### MATERIAL TO PROCESS
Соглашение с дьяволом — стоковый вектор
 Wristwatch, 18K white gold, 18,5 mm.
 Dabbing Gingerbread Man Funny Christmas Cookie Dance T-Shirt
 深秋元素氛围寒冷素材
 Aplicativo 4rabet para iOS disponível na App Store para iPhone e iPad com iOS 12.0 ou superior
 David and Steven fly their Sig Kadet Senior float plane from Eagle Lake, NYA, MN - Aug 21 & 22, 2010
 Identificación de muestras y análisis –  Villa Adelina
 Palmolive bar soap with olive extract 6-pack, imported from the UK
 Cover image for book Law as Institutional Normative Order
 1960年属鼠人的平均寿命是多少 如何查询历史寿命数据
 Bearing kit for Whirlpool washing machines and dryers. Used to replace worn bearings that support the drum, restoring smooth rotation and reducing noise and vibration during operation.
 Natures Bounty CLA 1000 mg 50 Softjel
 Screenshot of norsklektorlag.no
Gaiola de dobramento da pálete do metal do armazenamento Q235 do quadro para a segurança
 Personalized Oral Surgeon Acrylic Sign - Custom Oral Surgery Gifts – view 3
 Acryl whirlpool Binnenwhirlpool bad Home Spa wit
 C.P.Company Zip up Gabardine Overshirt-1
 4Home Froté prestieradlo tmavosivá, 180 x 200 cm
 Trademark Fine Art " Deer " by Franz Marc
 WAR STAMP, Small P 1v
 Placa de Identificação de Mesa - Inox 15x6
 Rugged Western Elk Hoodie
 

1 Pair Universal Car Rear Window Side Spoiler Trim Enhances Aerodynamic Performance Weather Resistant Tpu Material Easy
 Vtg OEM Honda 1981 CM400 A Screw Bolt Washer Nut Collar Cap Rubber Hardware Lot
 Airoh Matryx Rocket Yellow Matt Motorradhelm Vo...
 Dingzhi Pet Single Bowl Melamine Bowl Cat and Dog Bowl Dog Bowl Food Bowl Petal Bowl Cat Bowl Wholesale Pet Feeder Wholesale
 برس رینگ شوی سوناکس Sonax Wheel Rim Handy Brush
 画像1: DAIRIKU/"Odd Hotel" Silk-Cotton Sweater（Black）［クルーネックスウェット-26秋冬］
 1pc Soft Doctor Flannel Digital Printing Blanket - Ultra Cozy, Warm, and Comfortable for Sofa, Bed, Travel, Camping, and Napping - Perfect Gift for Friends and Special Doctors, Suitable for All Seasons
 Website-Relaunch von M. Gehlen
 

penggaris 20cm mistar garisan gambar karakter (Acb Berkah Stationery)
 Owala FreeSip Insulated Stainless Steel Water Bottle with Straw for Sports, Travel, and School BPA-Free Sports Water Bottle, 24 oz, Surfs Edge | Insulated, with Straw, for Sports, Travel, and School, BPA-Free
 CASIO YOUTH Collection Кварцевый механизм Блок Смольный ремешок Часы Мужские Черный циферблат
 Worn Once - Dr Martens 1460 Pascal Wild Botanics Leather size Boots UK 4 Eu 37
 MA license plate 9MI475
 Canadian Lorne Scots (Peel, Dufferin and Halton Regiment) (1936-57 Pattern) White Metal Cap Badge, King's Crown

### ASSIGNED TASK
There is a run of lines above from the one with "Dingzhi Pet Single" to the one with "penggaris 20cm mistar"; print exactly that run, both ends included, and nothing else.

### SOLUTION BELOW
 Dingzhi Pet Single Bowl Melamine Bowl Cat and Dog Bowl Dog Bowl Food Bowl Petal Bowl Cat Bowl Wholesale Pet Feeder Wholesale
 برس رینگ شوی سوناکس Sonax Wheel Rim Handy Brush
 画像1: DAIRIKU/"Odd Hotel" Silk-Cotton Sweater（Black）［クルーネックスウェット-26秋冬］
 1pc Soft Doctor Flannel Digital Printing Blanket - Ultra Cozy, Warm, and Comfortable for Sofa, Bed, Travel, Camping, and Napping - Perfect Gift for Friends and Special Doctors, Suitable for All Seasons
 Website-Relaunch von M. Gehlen
 

penggaris 20cm mistar garisan gambar karakter (Acb Berkah Stationery)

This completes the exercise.